Work task – Before copying, set aside the pictures; then restate exactly the lines from the one with "Hello family, Chef" through the last line of the records.
[Records for the task Boundary: Start]
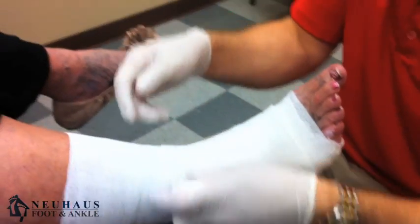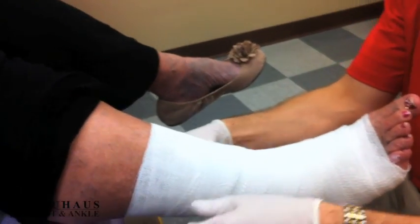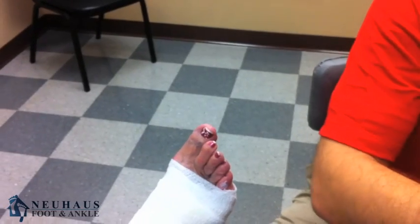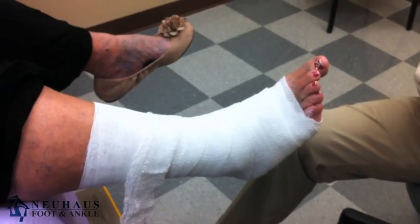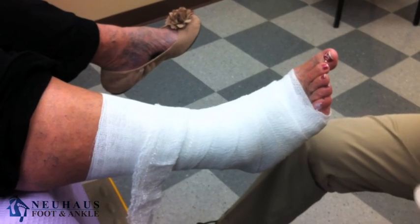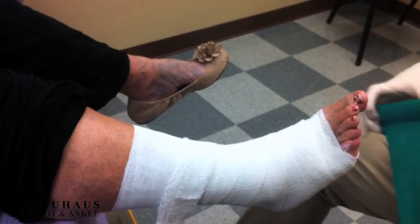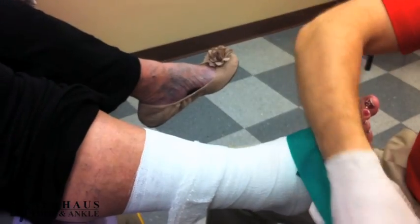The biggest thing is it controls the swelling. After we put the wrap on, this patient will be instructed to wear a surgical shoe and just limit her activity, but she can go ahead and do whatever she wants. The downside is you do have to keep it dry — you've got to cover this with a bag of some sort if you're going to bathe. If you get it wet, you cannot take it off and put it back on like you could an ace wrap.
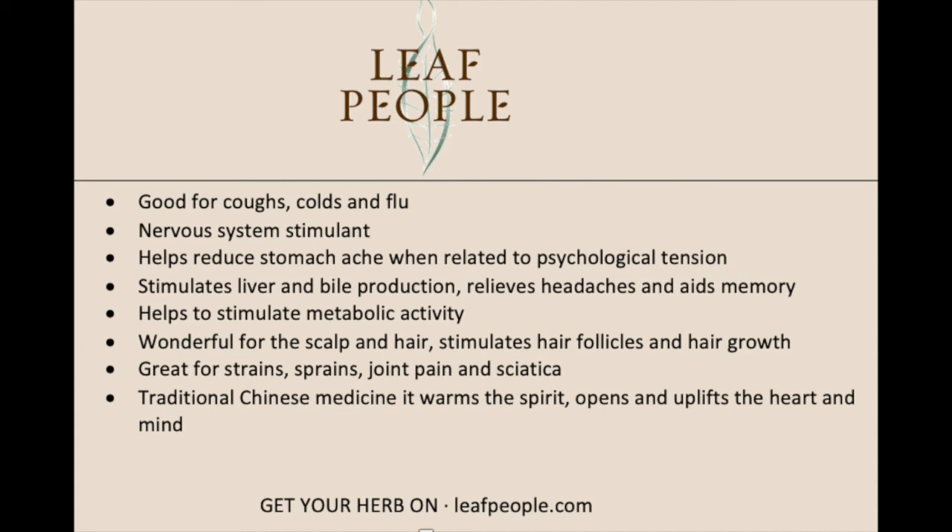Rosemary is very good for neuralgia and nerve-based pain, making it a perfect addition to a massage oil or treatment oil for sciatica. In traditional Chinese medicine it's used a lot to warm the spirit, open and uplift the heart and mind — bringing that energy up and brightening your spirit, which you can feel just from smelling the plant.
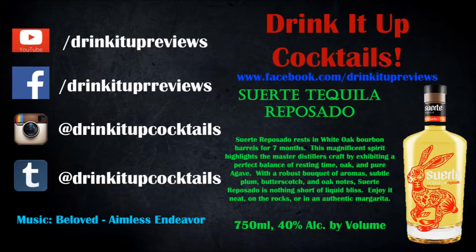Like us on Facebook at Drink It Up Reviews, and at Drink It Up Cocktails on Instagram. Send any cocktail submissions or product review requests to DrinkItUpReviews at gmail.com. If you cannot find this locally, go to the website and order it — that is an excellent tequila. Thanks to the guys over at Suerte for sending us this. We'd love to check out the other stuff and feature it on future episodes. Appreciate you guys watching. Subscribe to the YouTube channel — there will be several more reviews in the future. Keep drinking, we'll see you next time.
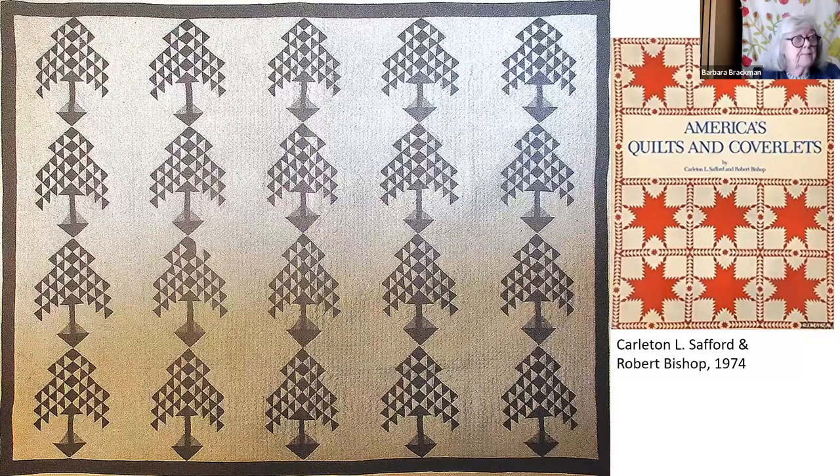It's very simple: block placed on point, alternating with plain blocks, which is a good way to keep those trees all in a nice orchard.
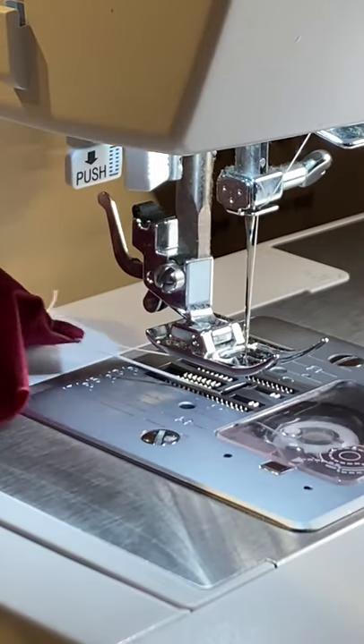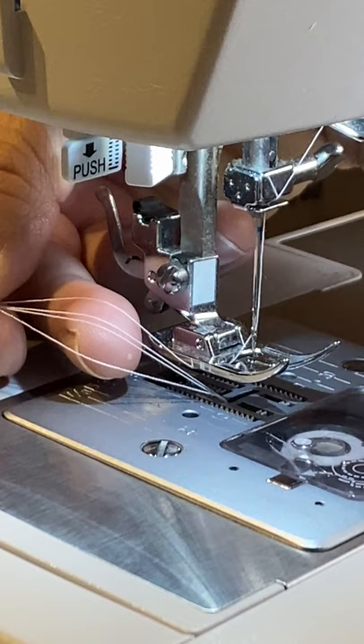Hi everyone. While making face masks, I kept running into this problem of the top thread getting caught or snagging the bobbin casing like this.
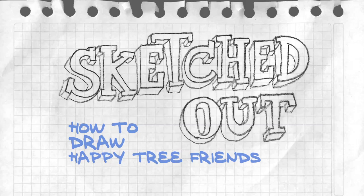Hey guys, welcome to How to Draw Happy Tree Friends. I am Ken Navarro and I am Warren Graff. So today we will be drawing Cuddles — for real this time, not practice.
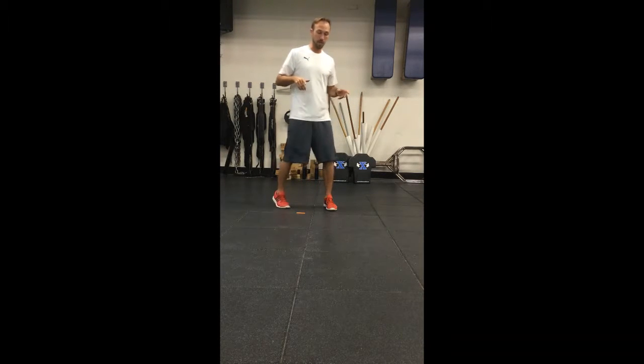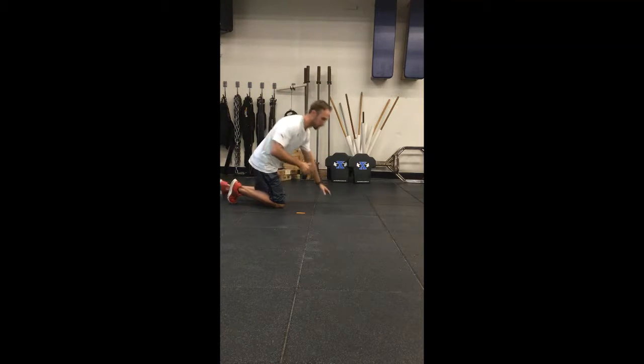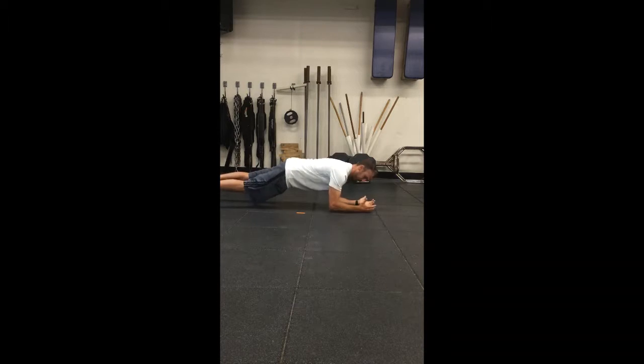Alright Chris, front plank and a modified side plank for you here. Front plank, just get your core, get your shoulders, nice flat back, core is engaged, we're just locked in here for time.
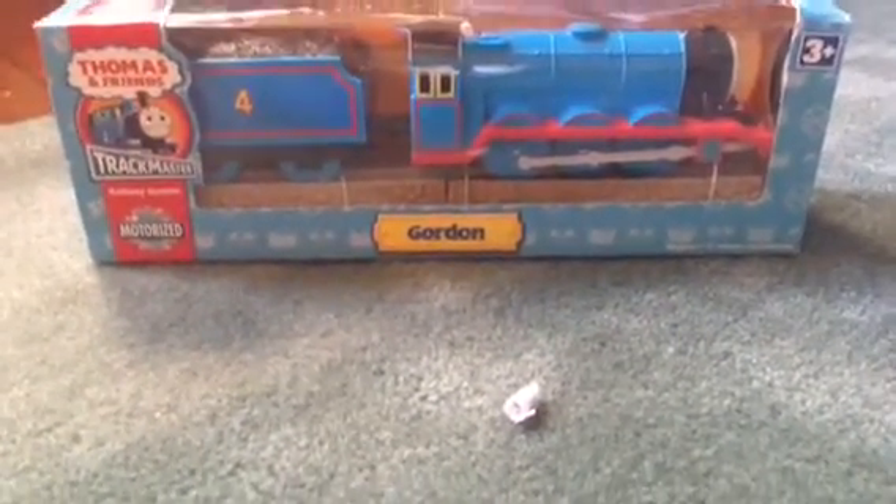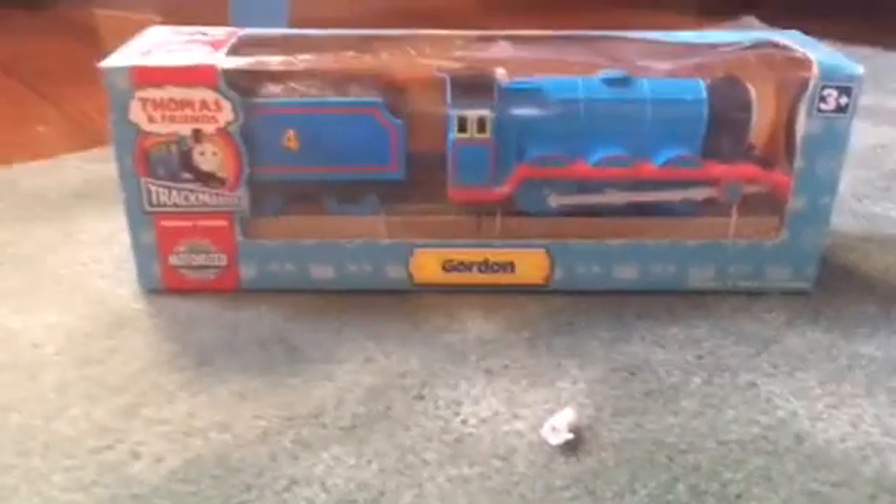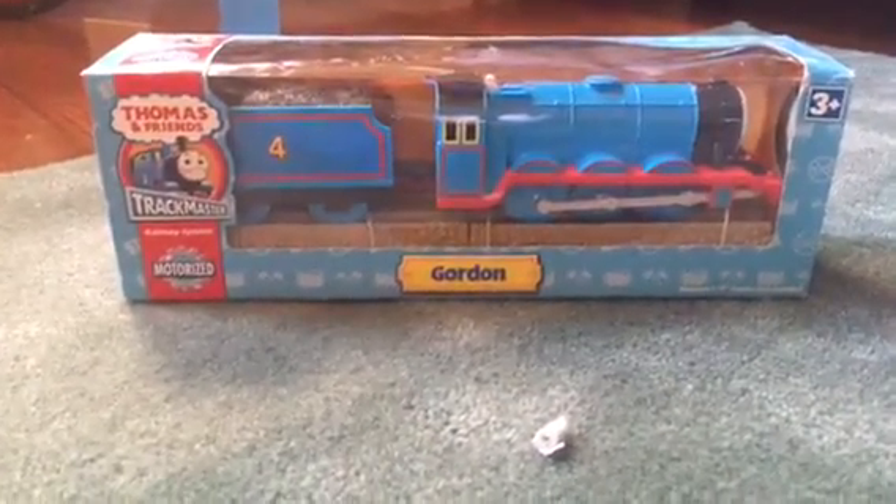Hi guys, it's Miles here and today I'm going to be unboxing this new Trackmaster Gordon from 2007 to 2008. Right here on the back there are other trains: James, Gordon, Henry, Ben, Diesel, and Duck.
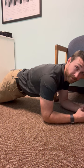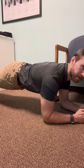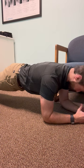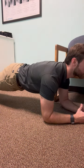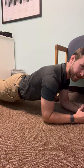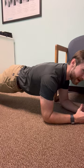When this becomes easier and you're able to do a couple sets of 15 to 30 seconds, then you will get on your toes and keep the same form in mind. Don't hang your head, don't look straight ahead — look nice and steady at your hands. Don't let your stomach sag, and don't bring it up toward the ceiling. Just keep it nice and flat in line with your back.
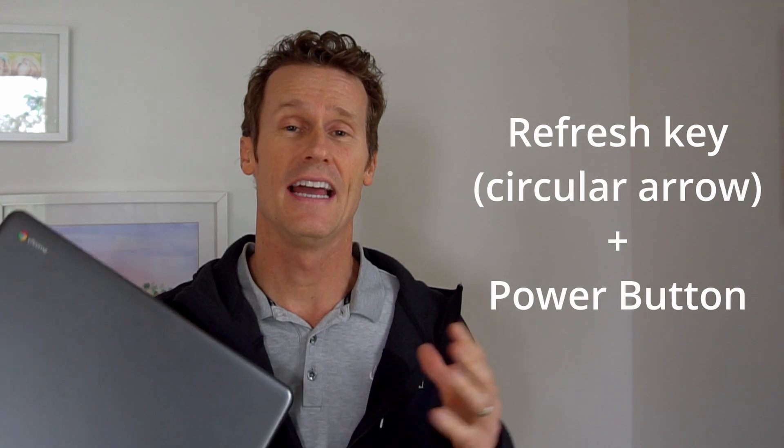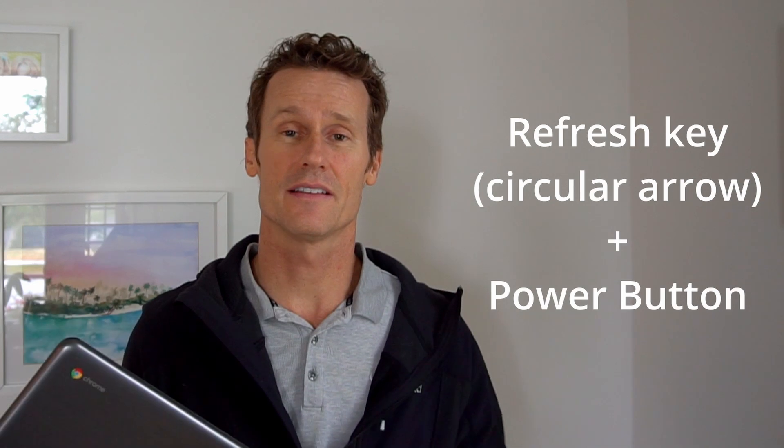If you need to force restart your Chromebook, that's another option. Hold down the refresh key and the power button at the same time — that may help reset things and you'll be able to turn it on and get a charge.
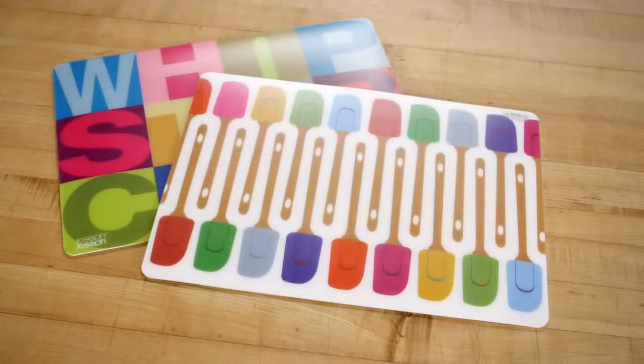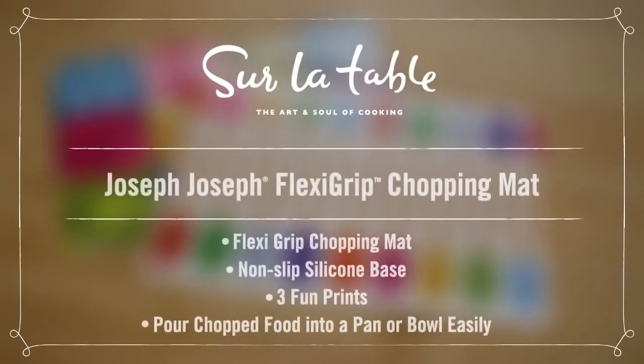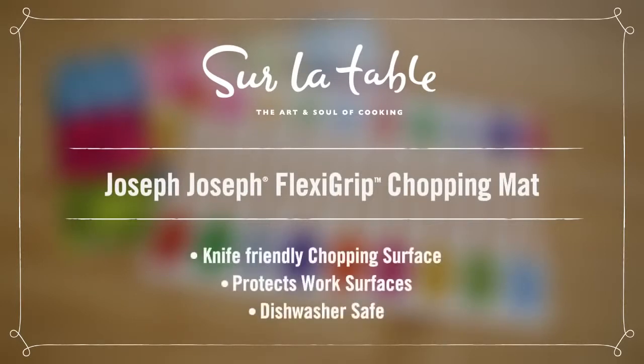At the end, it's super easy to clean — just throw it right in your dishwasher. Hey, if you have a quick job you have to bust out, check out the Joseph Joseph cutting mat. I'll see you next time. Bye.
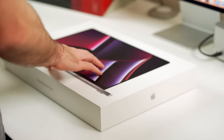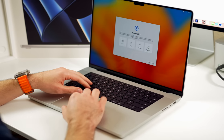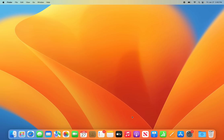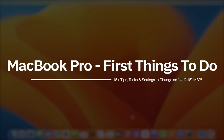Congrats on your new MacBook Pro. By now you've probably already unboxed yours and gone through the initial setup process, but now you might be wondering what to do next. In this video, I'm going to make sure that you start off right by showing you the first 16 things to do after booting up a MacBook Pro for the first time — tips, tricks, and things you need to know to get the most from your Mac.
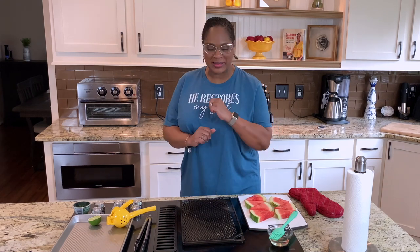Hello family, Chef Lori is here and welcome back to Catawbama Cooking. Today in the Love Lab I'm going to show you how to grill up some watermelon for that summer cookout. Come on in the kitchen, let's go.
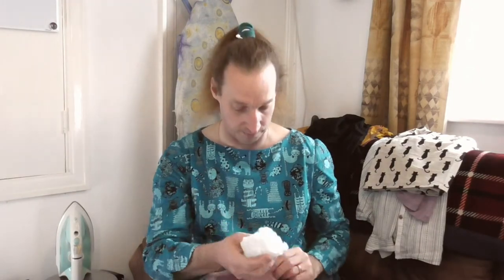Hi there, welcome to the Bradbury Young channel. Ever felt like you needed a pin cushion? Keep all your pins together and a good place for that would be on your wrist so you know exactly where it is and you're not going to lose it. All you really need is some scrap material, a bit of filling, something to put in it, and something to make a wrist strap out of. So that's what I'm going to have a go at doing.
[Records for the task Boundary: End]
Output –
Hello family, Chef Lori is here and welcome back to Catawbama Cooking. Today in the Love Lab I'm going to show you how to grill up some watermelon for that summer cookout. Come on in the kitchen, let's go.
Hi there, welcome to the Bradbury Young channel. Ever felt like you needed a pin cushion? Keep all your pins together and a good place for that would be on your wrist so you know exactly where it is and you're not going to lose it. All you really need is some scrap material, a bit of filling, something to put in it, and something to make a wrist strap out of. So that's what I'm going to have a go at doing.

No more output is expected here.